* [Provided data]
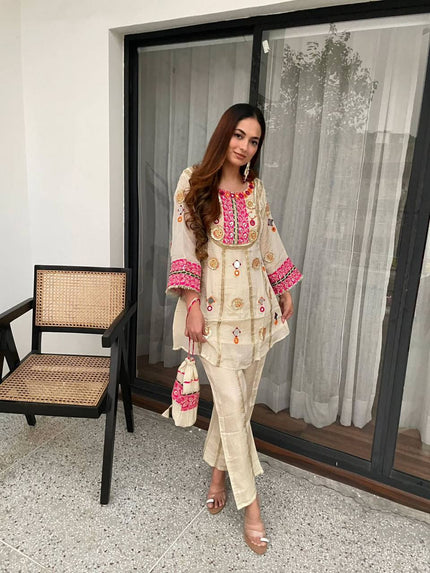 Traditional Mirror Work Kurta Set for Women.
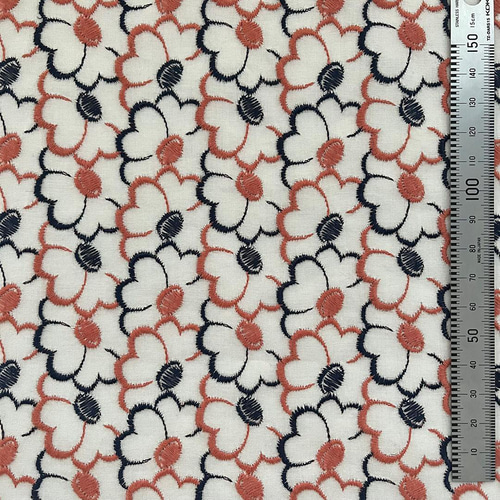 着物 単衣 刺繍 レトロ 白地に紺と橙の花 きもの コットンレース 着物 単衣 刺繍 レトロ 白地に紺と橙の花 きもの コットンレース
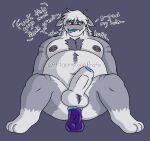 anthro anus dildo dragon foreskin genitals hornypurpproto hudson_(huddsies) male mythological_creature mythological_scalie mythology nipple_piercing nipples penis piercing puffy_anus riding scalie sex_toy slightly_chubby slime solo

* [Your instructions] Leaving every picture out, output the data exactly as it stands.

* [Task output]
 Traditional Mirror Work Kurta Set for Women.
 着物 単衣 刺繍 レトロ 白地に紺と橙の花 きもの コットンレース 着物 単衣 刺繍 レトロ 白地に紺と橙の花 きもの コットンレース
 anthro anus dildo dragon foreskin genitals hornypurpproto hudson_(huddsies) male mythological_creature mythological_scalie mythology nipple_piercing nipples penis piercing puffy_anus riding scalie sex_toy slightly_chubby slime solo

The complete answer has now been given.